About this task: Identical copies of all the records below are needed.

Records from a collection:

┌────────

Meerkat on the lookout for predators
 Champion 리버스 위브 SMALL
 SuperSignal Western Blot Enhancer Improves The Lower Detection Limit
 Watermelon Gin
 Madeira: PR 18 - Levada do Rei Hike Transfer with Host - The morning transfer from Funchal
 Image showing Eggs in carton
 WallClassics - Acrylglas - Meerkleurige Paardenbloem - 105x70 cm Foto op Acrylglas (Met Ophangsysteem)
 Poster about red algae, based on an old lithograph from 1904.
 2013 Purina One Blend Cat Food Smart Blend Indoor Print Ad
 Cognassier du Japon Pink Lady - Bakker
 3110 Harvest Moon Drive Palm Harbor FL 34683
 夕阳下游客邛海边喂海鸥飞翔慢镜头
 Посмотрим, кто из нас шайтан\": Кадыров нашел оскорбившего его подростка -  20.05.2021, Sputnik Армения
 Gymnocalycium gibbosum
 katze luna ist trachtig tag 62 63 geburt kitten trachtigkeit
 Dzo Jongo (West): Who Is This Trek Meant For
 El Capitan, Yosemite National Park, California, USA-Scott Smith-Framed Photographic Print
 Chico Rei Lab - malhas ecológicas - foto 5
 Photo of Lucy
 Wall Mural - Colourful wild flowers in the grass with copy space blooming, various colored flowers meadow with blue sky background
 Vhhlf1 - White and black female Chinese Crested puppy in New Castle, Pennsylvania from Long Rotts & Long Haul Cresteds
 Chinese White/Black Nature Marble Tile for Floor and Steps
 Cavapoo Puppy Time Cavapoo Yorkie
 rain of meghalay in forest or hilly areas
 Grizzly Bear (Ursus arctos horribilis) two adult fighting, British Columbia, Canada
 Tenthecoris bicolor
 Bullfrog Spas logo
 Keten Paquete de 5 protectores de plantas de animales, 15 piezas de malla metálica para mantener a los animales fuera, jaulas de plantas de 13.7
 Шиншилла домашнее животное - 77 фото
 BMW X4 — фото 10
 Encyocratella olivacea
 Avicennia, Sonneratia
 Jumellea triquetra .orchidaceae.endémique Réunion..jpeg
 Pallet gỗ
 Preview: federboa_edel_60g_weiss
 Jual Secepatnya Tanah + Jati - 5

└────────

Response area:
Meerkat on the lookout for predators
 Champion 리버스 위브 SMALL
 SuperSignal Western Blot Enhancer Improves The Lower Detection Limit
 Watermelon Gin
 Madeira: PR 18 - Levada do Rei Hike Transfer with Host - The morning transfer from Funchal
 Image showing Eggs in carton
 WallClassics - Acrylglas - Meerkleurige Paardenbloem - 105x70 cm Foto op Acrylglas (Met Ophangsysteem)
 Poster about red algae, based on an old lithograph from 1904.
 2013 Purina One Blend Cat Food Smart Blend Indoor Print Ad
 Cognassier du Japon Pink Lady - Bakker
 3110 Harvest Moon Drive Palm Harbor FL 34683
 夕阳下游客邛海边喂海鸥飞翔慢镜头
 Посмотрим, кто из нас шайтан\": Кадыров нашел оскорбившего его подростка -  20.05.2021, Sputnik Армения
 Gymnocalycium gibbosum
 katze luna ist trachtig tag 62 63 geburt kitten trachtigkeit
 Dzo Jongo (West): Who Is This Trek Meant For
 El Capitan, Yosemite National Park, California, USA-Scott Smith-Framed Photographic Print
 Chico Rei Lab - malhas ecológicas - foto 5
 Photo of Lucy
 Wall Mural - Colourful wild flowers in the grass with copy space blooming, various colored flowers meadow with blue sky background
 Vhhlf1 - White and black female Chinese Crested puppy in New Castle, Pennsylvania from Long Rotts & Long Haul Cresteds
 Chinese White/Black Nature Marble Tile for Floor and Steps
 Cavapoo Puppy Time Cavapoo Yorkie
 rain of meghalay in forest or hilly areas
 Grizzly Bear (Ursus arctos horribilis) two adult fighting, British Columbia, Canada
 Tenthecoris bicolor
 Bullfrog Spas logo
 Keten Paquete de 5 protectores de plantas de animales, 15 piezas de malla metálica para mantener a los animales fuera, jaulas de plantas de 13.7
 Шиншилла домашнее животное - 77 фото
 BMW X4 — фото 10
 Encyocratella olivacea
 Avicennia, Sonneratia
 Jumellea triquetra .orchidaceae.endémique Réunion..jpeg
 Pallet gỗ
 Preview: federboa_edel_60g_weiss
 Jual Secepatnya Tanah + Jati - 5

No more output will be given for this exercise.